▶ [Exercise]
Would you transcribe each entry that follows word for word, minus the images?

▶ [Exercise material]
────────────────────────────────────────

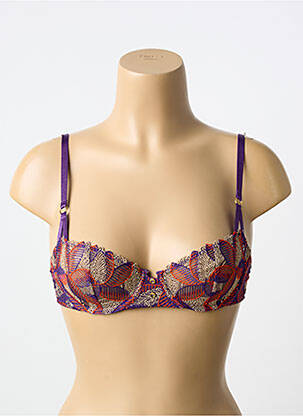 Sutien efect material satinat sutien balconet cu decolteu înalt violet AUBADE femeie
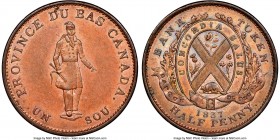Lower Canada. Banque Du Peuple "Habitant" 1/2 Penny Token 1837 MS64 Brown NGC, Br-522, LC-8C2. Plain edge. Medal alignment. Though labeled LC-8C1 on t...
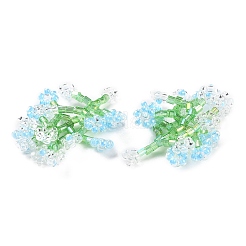 シードビーズペンダント  フラワーオブライフチャーム  ディープスカイブルー  27~28x29~32x5~6mm  穴：1mm&nbsp;GLAA-C028-04A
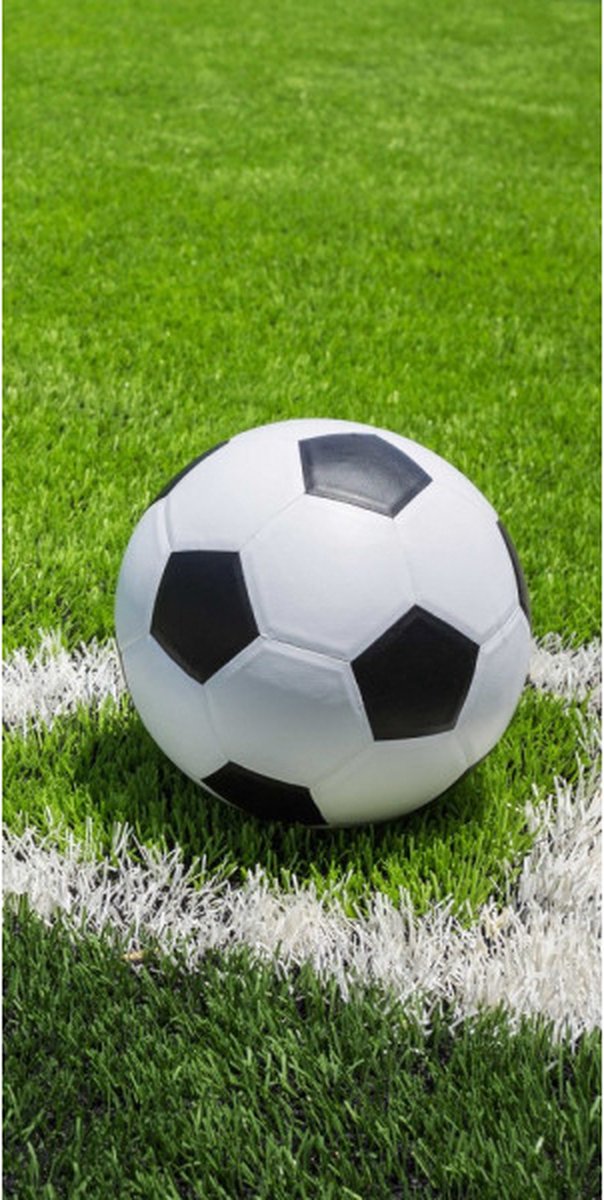 Voetbal handdoek - 140 x 70 cm. - Voetbal strandlaken - 100% katoen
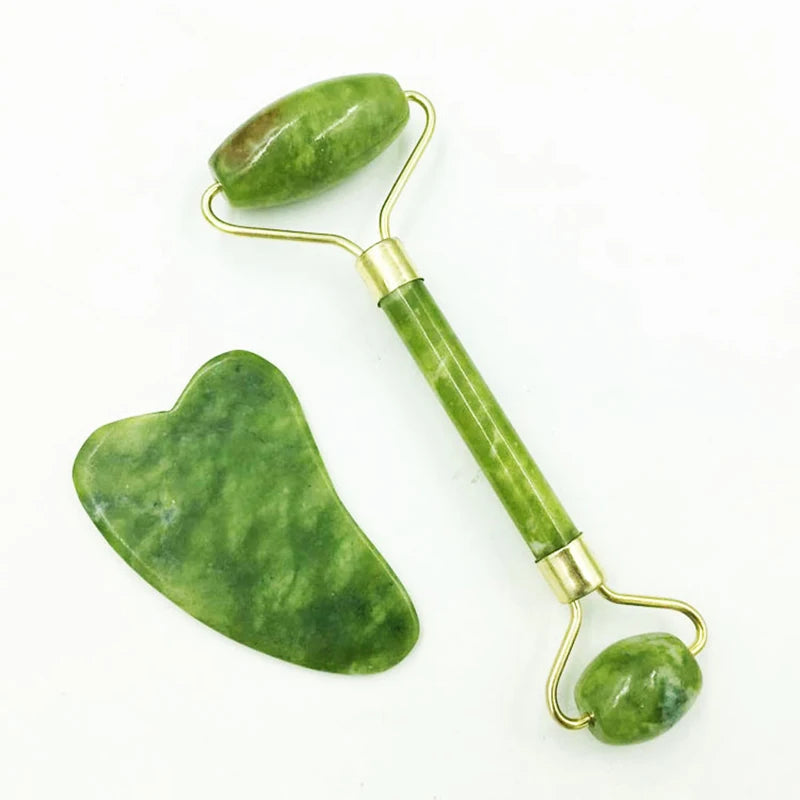 Natural Jade Roller & Gua Sha Massage Set
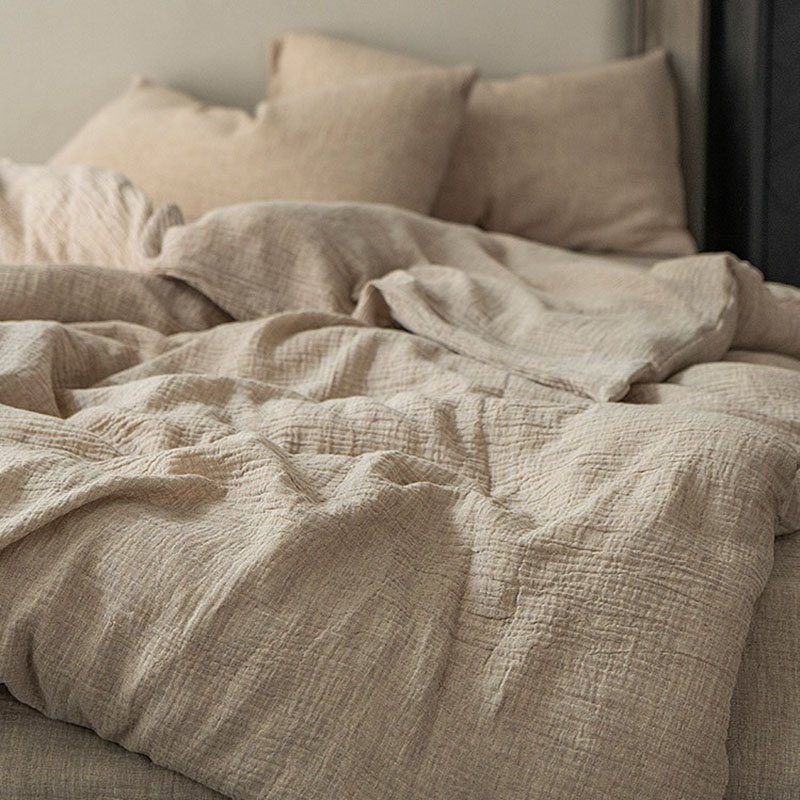 Modern simple Plain cotton and linen double yarn 4pcs Bed Sheet Quilt Cover pillowcases Solid color washable pleats bedding set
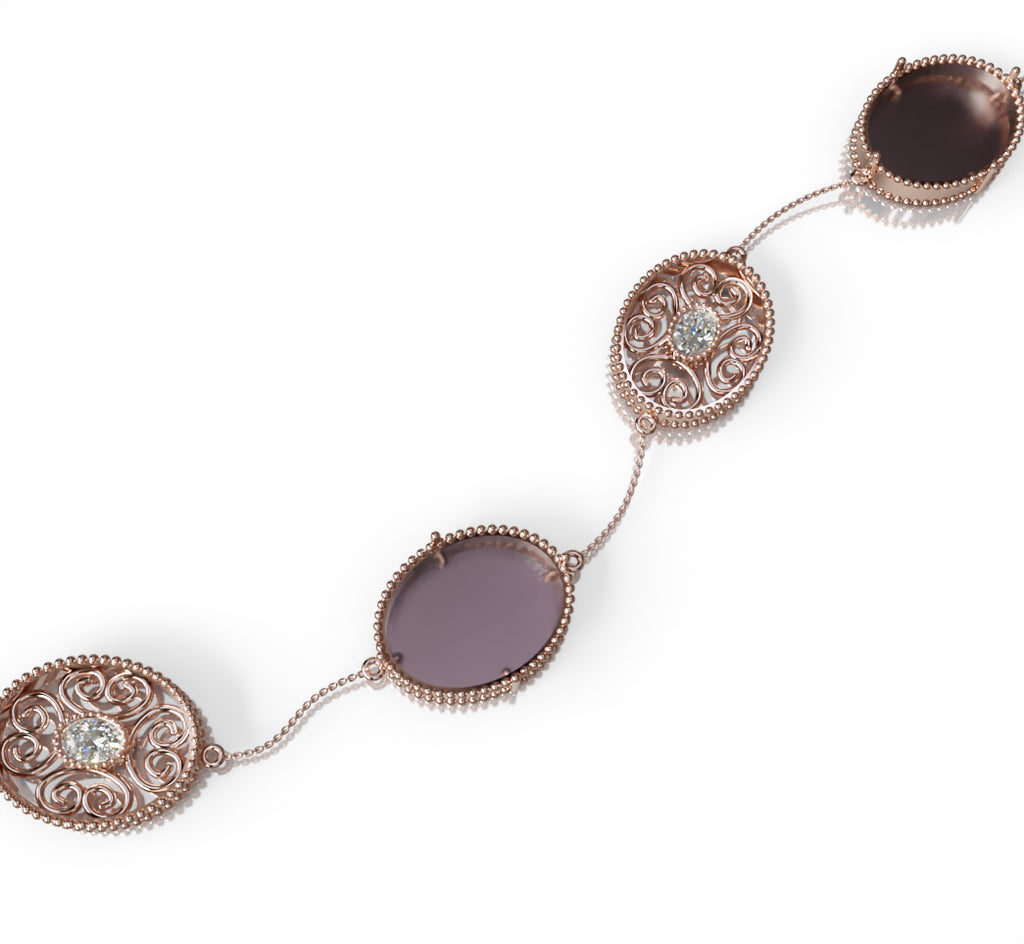 Mother of Pearl and Oval Diamond Chain Bracelet image 0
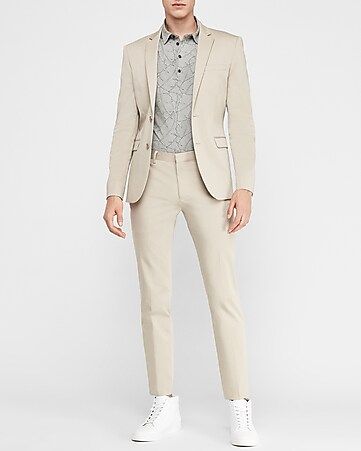 Khaki Performance Suit Jacket + Printed Polo + Khaki Performance Suit Pant | Express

────────────────────────────────────────

▶ [Result of the task]
 Sutien efect material satinat sutien balconet cu decolteu înalt violet AUBADE femeie
Lower Canada. Banque Du Peuple "Habitant" 1/2 Penny Token 1837 MS64 Brown NGC, Br-522, LC-8C2. Plain edge. Medal alignment. Though labeled LC-8C1 on t...
 シードビーズペンダント  フラワーオブライフチャーム  ディープスカイブルー  27~28x29~32x5~6mm  穴：1mm&nbsp;GLAA-C028-04A
 Voetbal handdoek - 140 x 70 cm. - Voetbal strandlaken - 100% katoen
 Natural Jade Roller & Gua Sha Massage Set
 Modern simple Plain cotton and linen double yarn 4pcs Bed Sheet Quilt Cover pillowcases Solid color washable pleats bedding set
 Mother of Pearl and Oval Diamond Chain Bracelet image 0
 Khaki Performance Suit Jacket + Printed Polo + Khaki Performance Suit Pant | Express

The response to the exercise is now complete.